The part of Nick’s presentation on Lanham that stuck with me the most is the diagram that he used to demonstrate a theory of reader attention in relation to style. The reader’s attention is described by a line that hits the horizontal line of stylistic surface at an angle. At the point of intersection, the attention line is refracted into two—one line bounces off the horizontal line at an angle equal to the one that the attention approached and the other continuing through the point of intersection without any degree of deflection. The diagram reminds me of one of those diagrams that describe the process of subatomic particle formation. I like it because it seems to render an invisible, baffling, complex process in a simple way to my grasping mind.
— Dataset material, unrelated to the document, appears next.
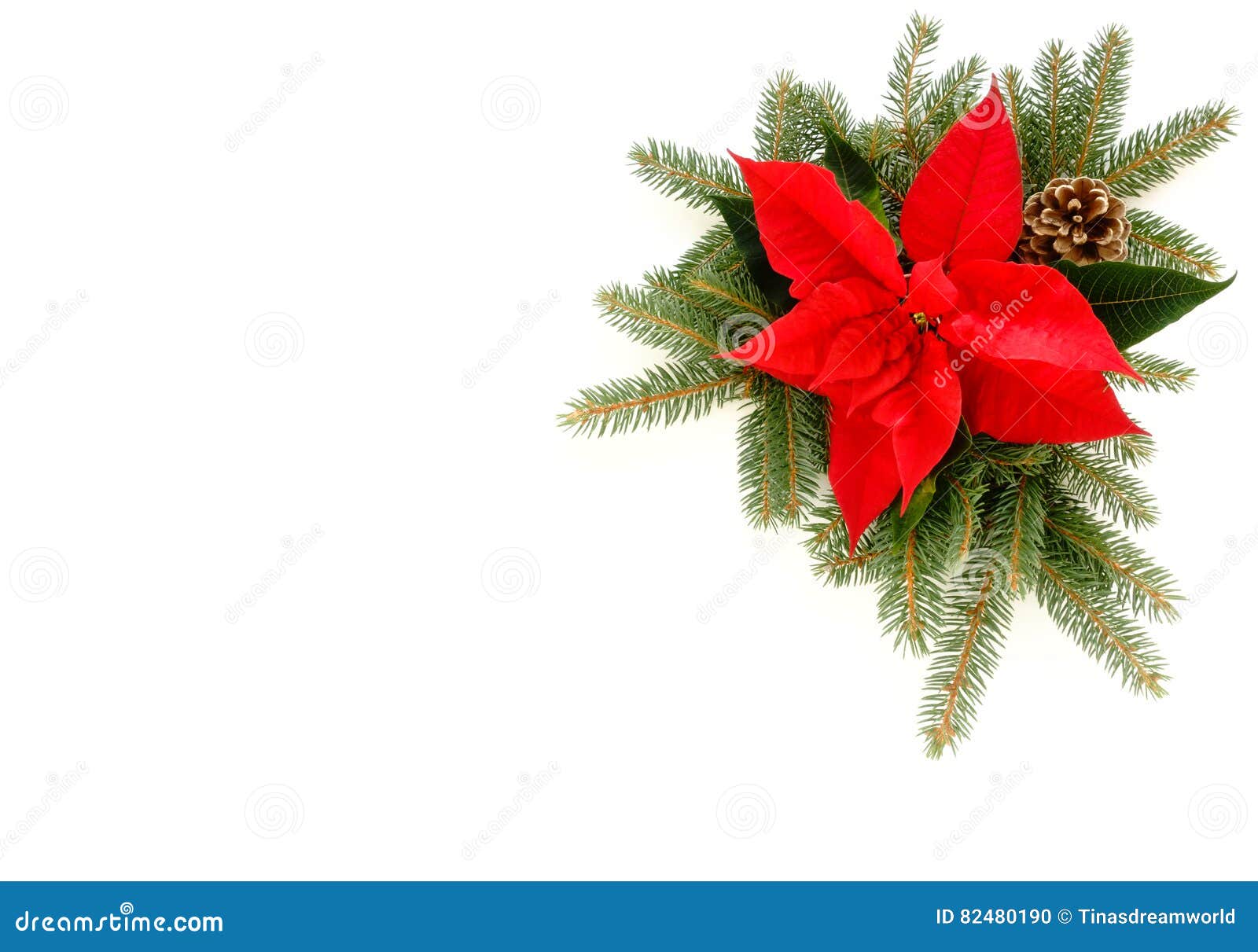 Christmas Border of Poinsettia, Fir Tree Branches and Pine Cone Stock ...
I liked the diagram for what it implied more than the lesson I was supposed to derive from it, though. When the reader’s attention struck the stylistic surface, we were supposed to pay attention to the line that deflected off the surface. That line held the significance of style, the “how” of writing rather than the “what.” That line runs parallel to other lines we’ve studied like “the medium is the message” or “discourse is socially constructed.” Of course, in order for that attention line in the diagram to truly be representative, it should have bounced back to the reader. As it is diagrammed, the attention line just shoots off into empty space. Unless the reader’s attention to style line is returned to him somehow . . .

I know any diagram is a representation and simplification of reality and I shouldn’t be so picky. If the reader had squarely faced his text, the “at” line would have returned at a ninety degree angle and would have been indistinguishable from the “reader” line and Lanham’s point would have been lost. But I’m not really bothered by that—at least, not too much.

The thing that I really like about the diagram was that the reader’s attention line passed through the stylistic surface at all. That language can pass “through” at all that it has a referential function seemed the major point. To me, the world of theory is one where the influence of postmodernism is so strong that any theorist who even hints at a shared world instantly becomes a hero—just implying an “objective” reality made me more comfortable with his focus on style.

Much of Lanham’s work seems to fall under the social constructivist rubric. Like postmodernists, the social constructivists says that language is a series of signs. Meaning is constructed of language so that so that discourse communities are ones that share understanding by agreeing on the meaning of certain words. But where the social contructivists differ from the postmodernists is in the real of referentiality. Beyond that system of signs, the social constructivist assumes an objective world we all share. It is an assumption that isn’t always apparent in the complexity of their focus on the constructed nature of humans and reality, but it is there, thank goodness.